After the quite amazing results of our toy example with Deep Boltzmann Machines, we decided to go a step further. But before we want to discuss some specialties of our model. In general, the various Boltzmann Machines are generative models which means we can sample from the model to get a better understanding of what the model beliefs in. A typical example is the training with hand written digits and the sample from the model is than a digit that was created by the model. However, in our case this feature is not important since we are not interested to sample new movies from the model but only to explain the data we trained the model with. For this purpose energy-based models, like DBMs, are definitely useful but this also means -in our case- that we only use a very small portion of the real potential of such a machine.
This becomes more obvious if we consider the approach we use to semantically cluster movies. First, we train a DBM model for each movie genre, more precisely, we only consider the most frequent genres. Then we condense each model to a set of some neurons, for instance, the ones with the largest L2 norm and normalize them. All these neurons are then combined into a ‘Topic Network’.

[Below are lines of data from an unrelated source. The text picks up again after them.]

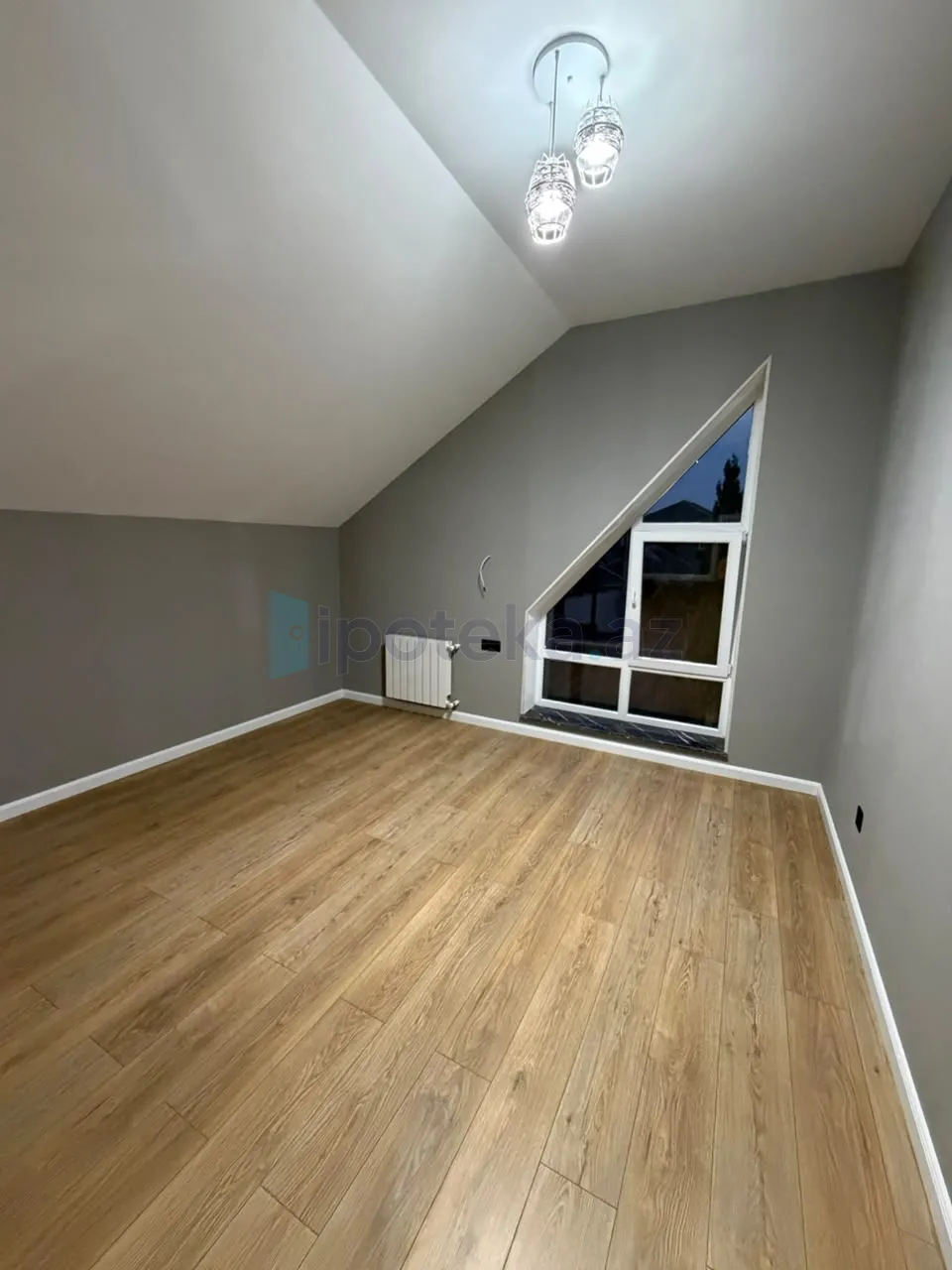 Satılır: 5 Otaq, Bağlar, Xəzər r., Mərdəkan q., 180.00 m² — Torpaq, Mərdəkan (8)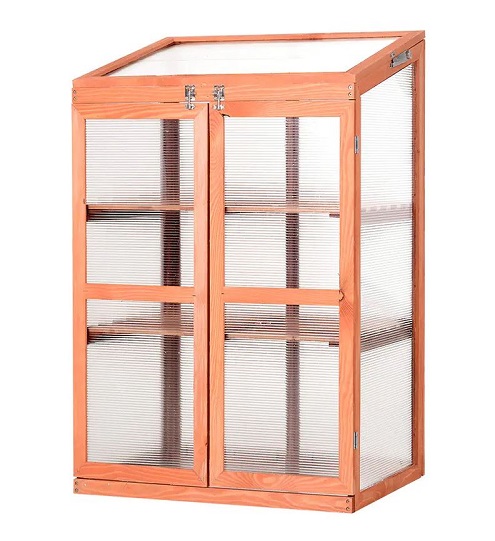 Assessing the Structural Integrity of Custom Wooden Greenhouses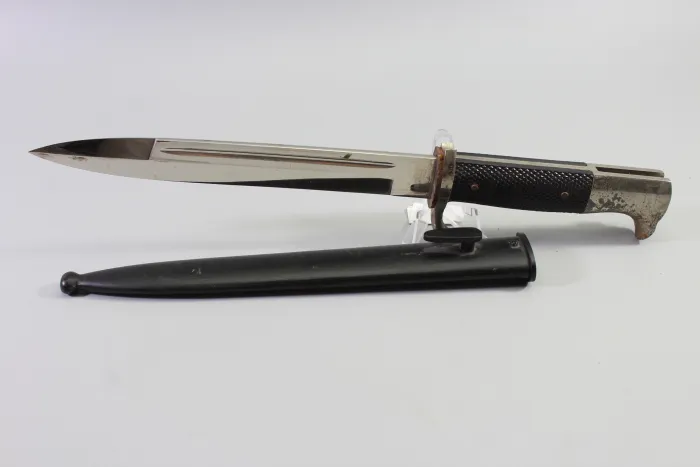 Ausgehseitengewehr 98K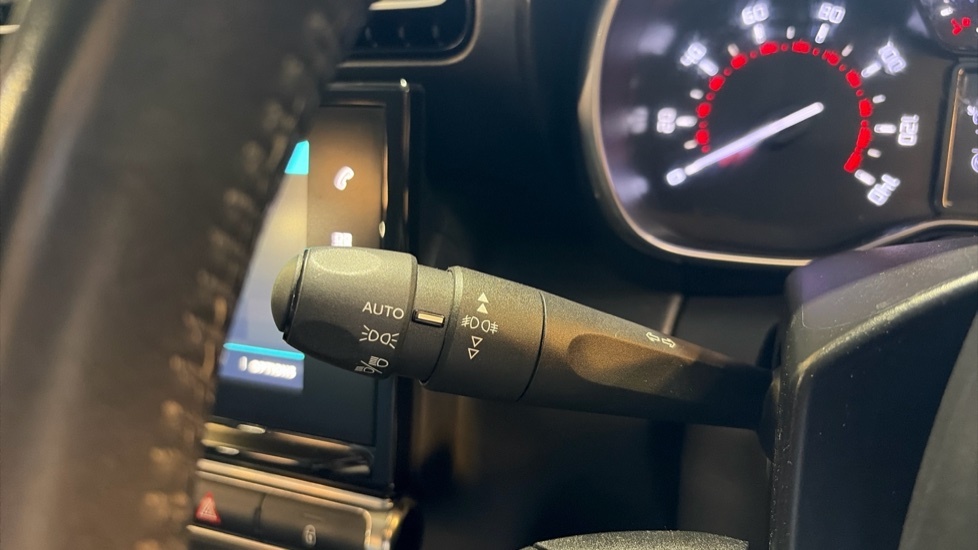 Citroen C3 Aircross 1.2 Puretech 110 Flair 6 Speed #22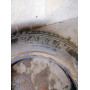 Автошини Barum Brilliant 135/80 R13  70T 6мм  Літо Б/У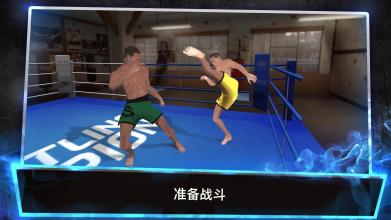 Wrestling Champion 3D截图2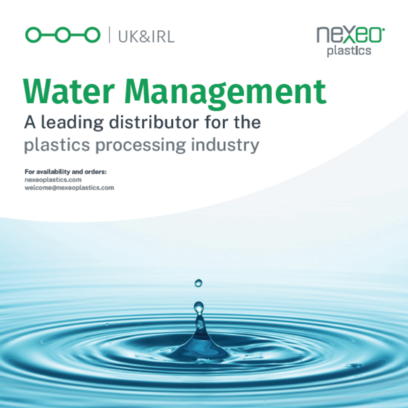 Water Management - UK & Ireland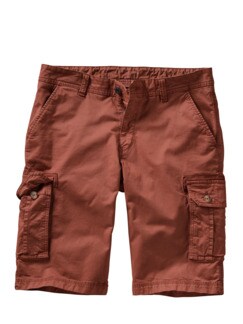 Frachtgut-Cargo-Shorts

The parameters of a DBM with two layers consists of (W, V, a, b, c) where the uppercase letters describe weight matrices and the lowercase letters bias values. From these parameters, we only use C = W’ * V’ and we discard the others. That means the biases are only used for the training and not required for our feature representation. Our transformation function is simply the dot product of the weight vector of a neuron and a movie sample. Due to the constraints, the result is always in the range [0, 1]. This side-effect is very useful if we plan to use the feature representation as input for a new (DBM) model.
Then, the final model is nothing more than a Top-K query known from information retrieval. The input is an arbitrary movie and the output are the closest neighbors in the semantic feature space. And the results speak for itself as we will demonstrate with some movies:
Pirates of the Carribean: Hook, Pirates of the Caribbean -Part 2- and -Part 3-
Shark Attack: Red Water, Sharktopus, Jaws, Jaws 2, Shark Attack 3
Batman: Batman Returns, Batman & Robin, Spawn, Spider-Man 2
It is no secret that the model is not perfect yet, but the results for movies with sufficient meta data are already very good and we did not use any fine-tuning of the final model. In other words, even if we might use the DBM in an unintentional way, the test of our (rather simple) approach confirms that the training of an DBM with our data leads to a valid model; a model that can be used as a module in a larger system, for instance a topic network like ours.
We plan to further investigate the use of DBMs for semantic clustering, but we are also eager to use topic networks for preference-based learning or stated differently, to train a supervised classifier that can be used for personalized movie rankings.